Quarta-feira, 3 de Fevereiro de 2010
Apontamentos para a discussão sobre a nova ponte pedonal
As propostas do concurso de ideias para a concepção da nova ponte sobre o Canal Central resultaram, na sua maioria em objectos interessantes. Uma curta visita à exposição na Casa Major Pessoa não nos pode deixar mal impressionados. Na generalidade são peças bonitas, elaboradas com profissionalismo, apresentadas com rigor e com uma preocupação cuidada em comunicar a sua qualidade. As simulações 3D permitem-nos observar o resultado final da intervenção de uma forma muito precisa. Vale a pena a visita.
Mas então porque é que esta ponte é um problema? A questão coloca-se a montante. As equipas concorrentes responderam ao caderno da encargos dum concurso de ideias. Para isso nem sequer é necessário conhecer a cidade. Basta conhecer os termos do processo de concurso, a legislação portuguesa, e o google earth. E, por isso é que o tal caderno de encargos é fundamental. Espera-se que este resuma os princípios que se pretende que comandem a elaboraçao do objecto. Tão (ou mais) importante, este deverá estabelecer os termos que definam o papel do novo atravessamento no funcionamento daquele pedaço de cidade. E o pedaço de cidade que a ponte reorganiza (e condiciona) não é coisa pequena. Trata-se do principal canal do espaço urbano de Aveiro e elemento fundamental da relação da cidade com a ria, numa cidade que faz desta relação um dos seus recursos potenciadores de competitividade a nível regional e nacional. A intervenção numa zona desta importância não deveria ser lançada ás sortes duma proposta técnica mais ou menos interessante, mas sempre circunscrita aos termos em que a encomenda foi feita.

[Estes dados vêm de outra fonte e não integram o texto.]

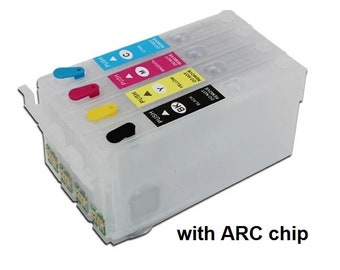 1set Europe 405xl T405 Refill Ink Cartridge with ARC chip for Epson wf-7830 7835 7840 3820 3825 4820 4825 7310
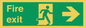 SB430: Fire Exit Right Sign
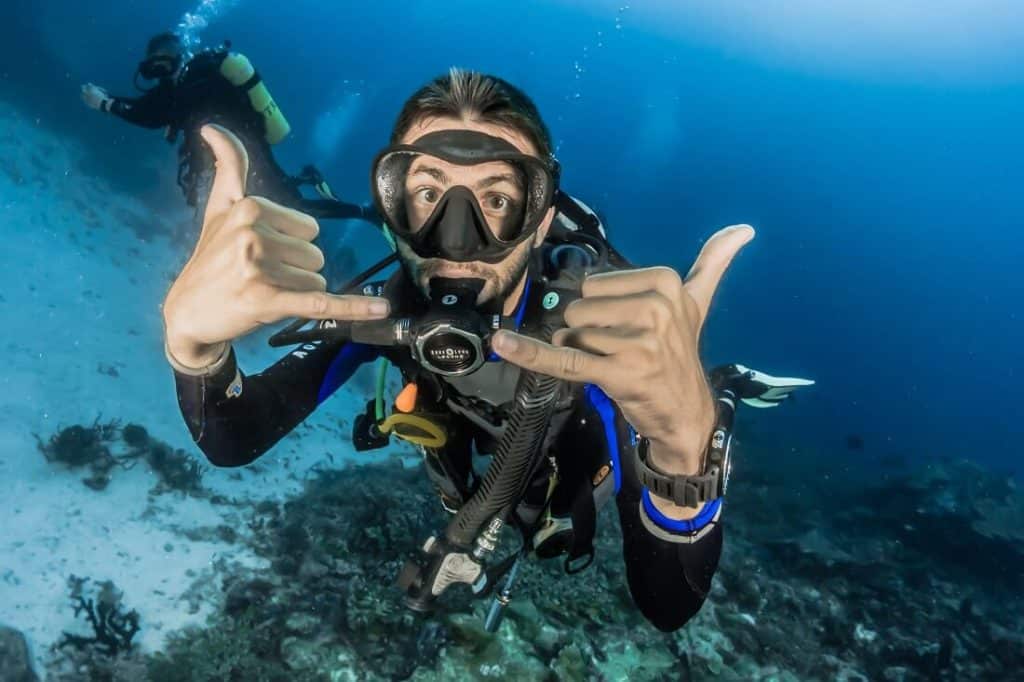 top water activities in Bali is scuba diving for beginner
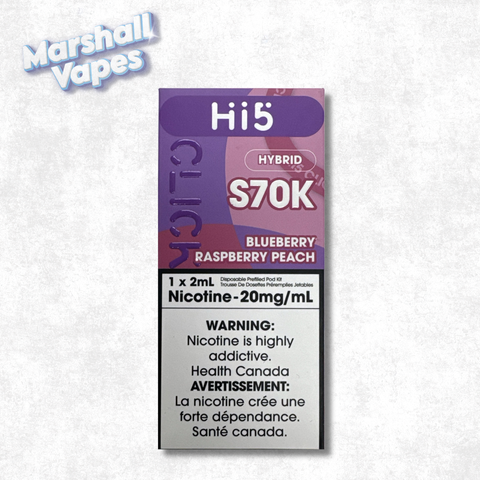 Hi5 S70K Hybrid Disposable – Blueberry Raspberry Peach - Starter Kit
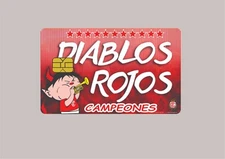 CLUB TOLUCA , FUTBOL , 2 pc credit card skin & DEBIT CARD,TROLLEY & GYM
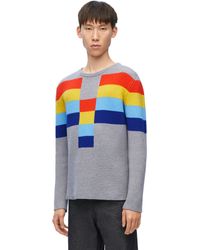Loewe - Striped-pattern Wool-knit Jumper X - Lyst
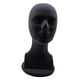 thumbnail image 3 of 2x Cabeza De Maniquí De Espuma Para Hombre Modelo De Sombrero Soporte De Exhibición Negro Práctico Altura 32 Cm, 3 of 8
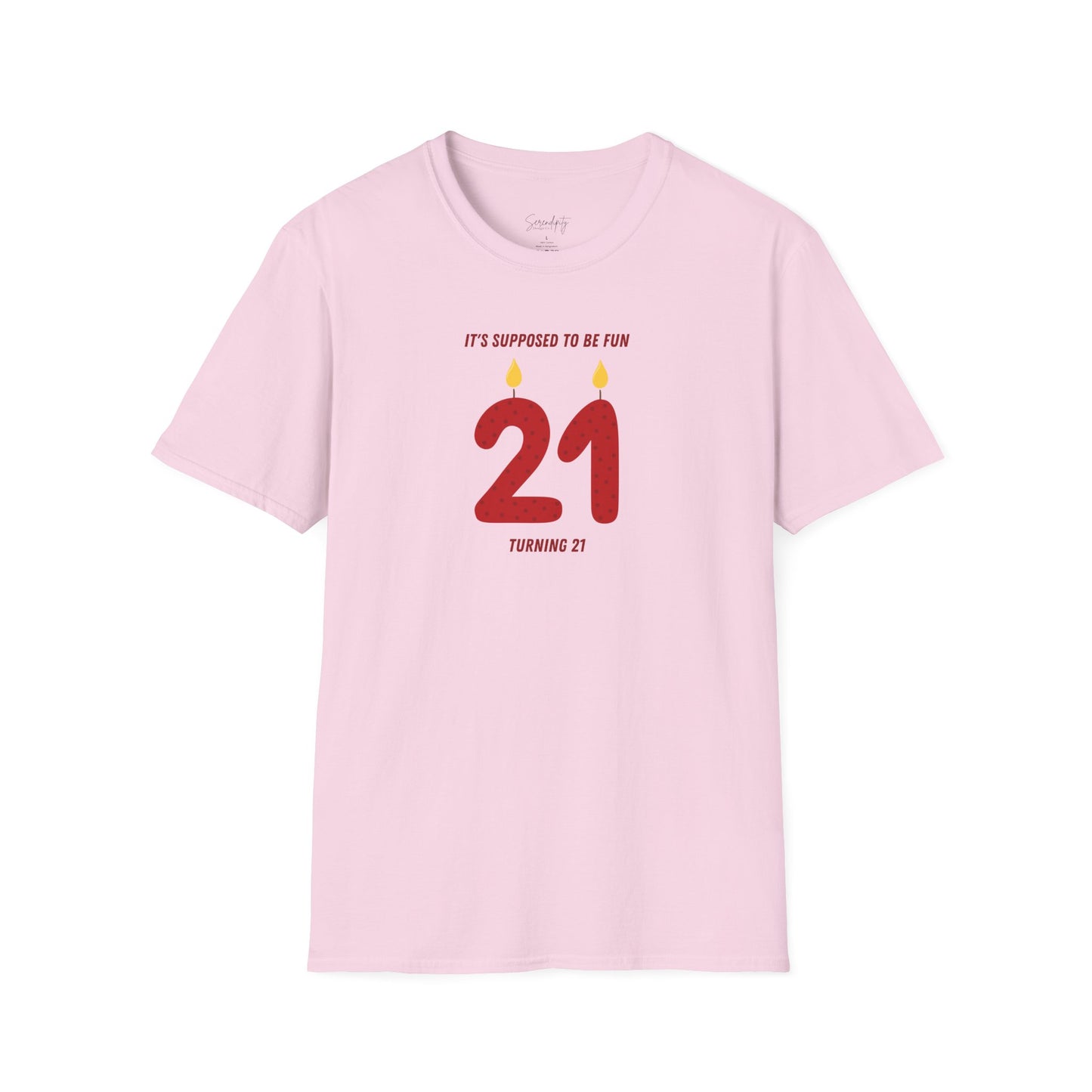 Turning 21 Soft Style Tee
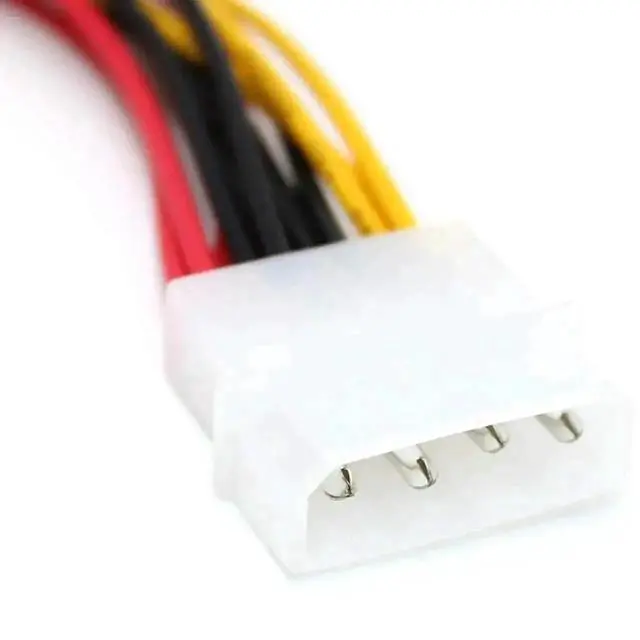 Alt view image 2 of 3 - WRIARICH 1 Pack 4 Pin IDE Molex to 3 SATA Power Splitter Cable, Multi SATA Hard Drive Power Extension Cord for PC HDD SSD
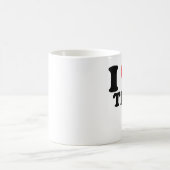 私はTiaを愛します コーヒーマグカップ (中央)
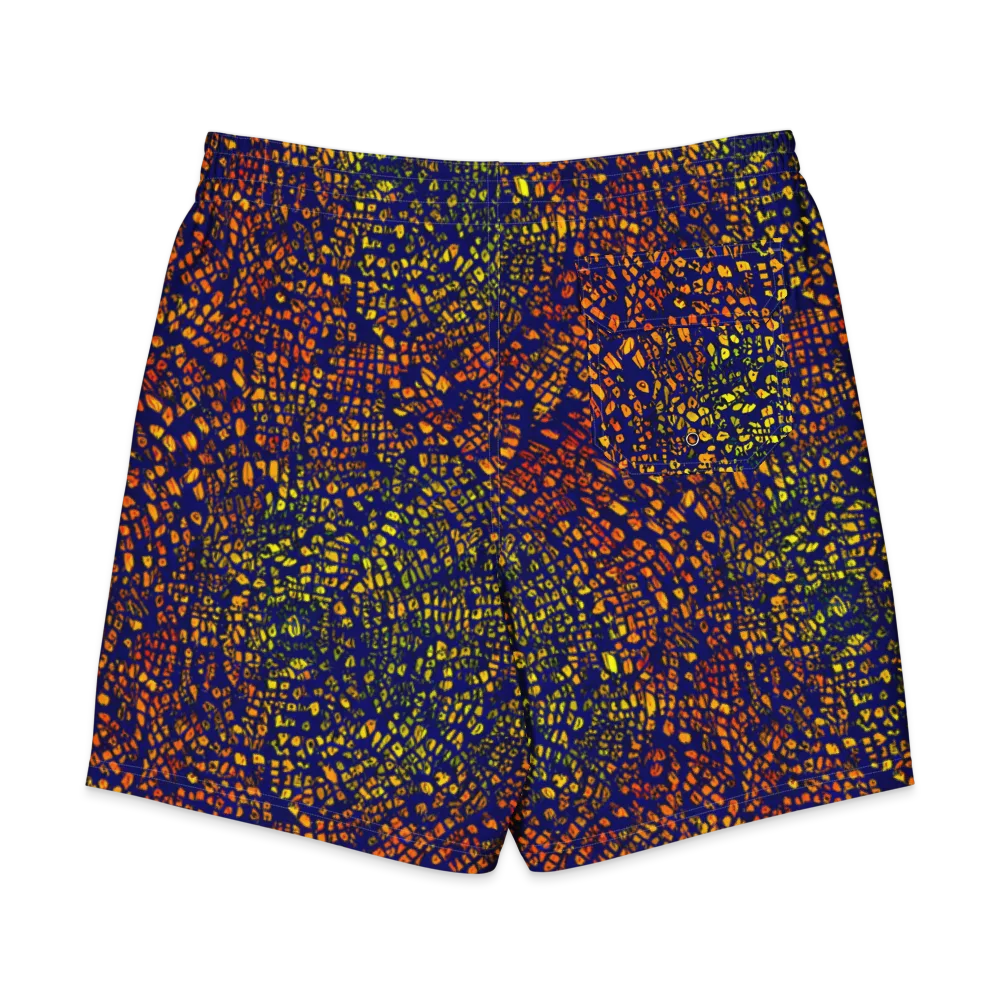 Midnight Shards on Men's Board Shorts — Back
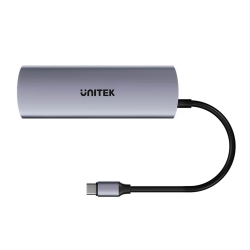 Unitek Hub 4w1 USB-C 10 Gbps, 2x USB-A i 2x USB-C H1112DGY01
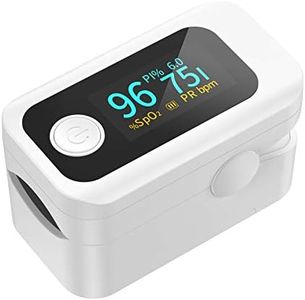 Wawech Oxymètre de Doigt Professionnel, Oxymetre de Pouls avec écran LED, Moniteur de Fréquence Cardiaque, Saturometre Oxymetre pour Mesurer SpO2 PI et PR, avec Fonction de Mémoire et Alarme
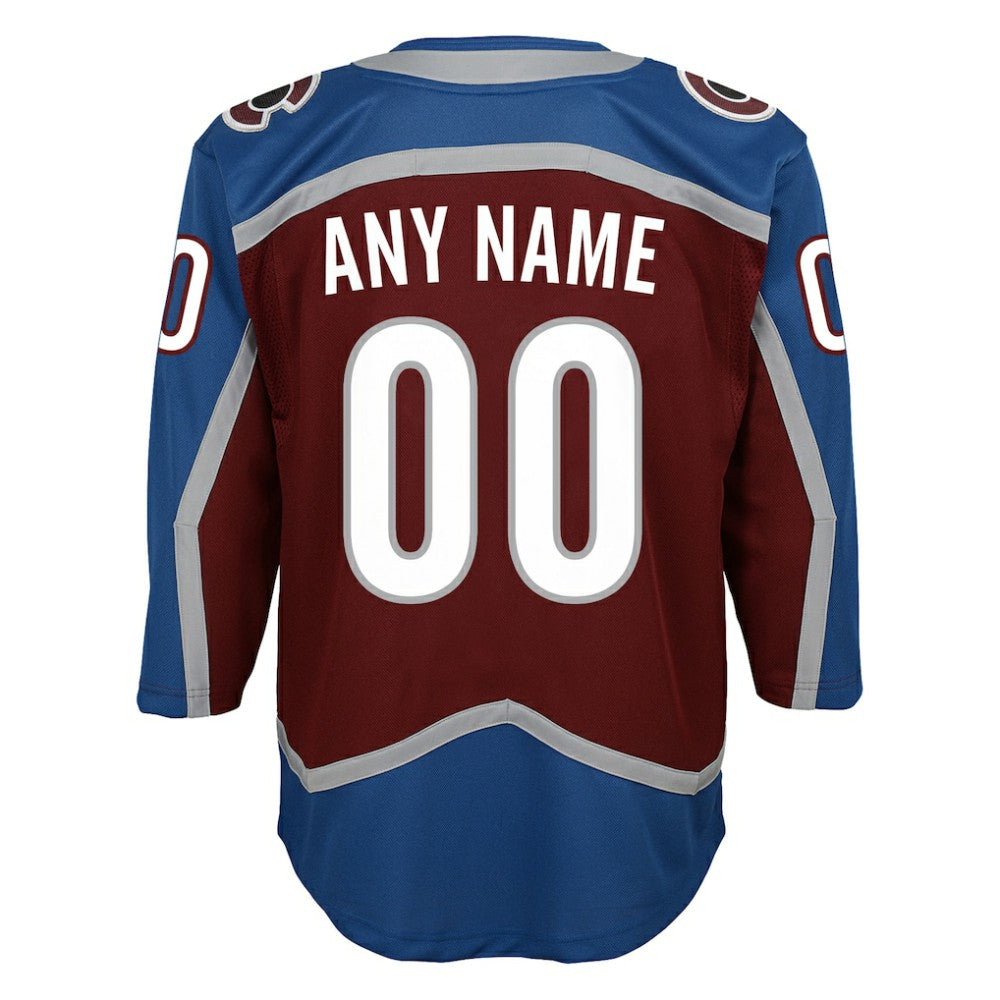 Colorado Avalanche Youth Home Premier Custom Jersey - Burgundy | US 3820527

O caderno de encargos do concurso deveria ter sido o resultado de uma política fundamentada e discutida de intervenção no espaço urbano da cidade. Se o foi, tal não foi explicado, pelo que há um conjunto de questões que todavia urge clarificar: Porquê uma ponte entre o Alboi e o Rossio naquele sítio, quando o Plano de Urbanização do Programa Pólis a previa depois da Ponte da Dobadoura (e da curva do canal), ligando o bairro da Beira-Mar à margem sul, naquela que será uma entrada reconfigurada da cidade? O processo de concurso dá como dado adquirido que "A infraestrutura prevista (...) corresponde a uma necessidade há muito sentida, de ligação das margens deste canal (...)". Há estudos, inquéritos ou trabalhos de campo que sustentem esta afirmação? As gentes do Alboi foram ouvidas numa intervenção que alterará de forma irreversível o seu modo de vida? Foi estudada a alteração (e migração) dos fenómenos de gentrificação que esta nova travessia potenciará? Foi ponderado o impacto visual desta ponte na relação do centro da cidade com a paisagem lacustre? A resposta a estas questões é fundamental para uma discussão participada que coloque o problema da ponte nos termos que a sua importância exige.
Em boa hora (a hora a que o concurso foi divulgado), José Carlos Mota, em nome dos Amigos d'Avenida questionou os termos (e os "timmings") deste concurso. Não serviu de muito. Mas serviu pelo menos para este grupo informal de cidadãos ter a legitimidade de promover uma discussão que pretendeu que tivesse lugar no tempo certo. Mais vale tarde que nunca. E nesta questão, que terá uma importância decisiva na definição do carácter futuro da cidade, nunca é tarde.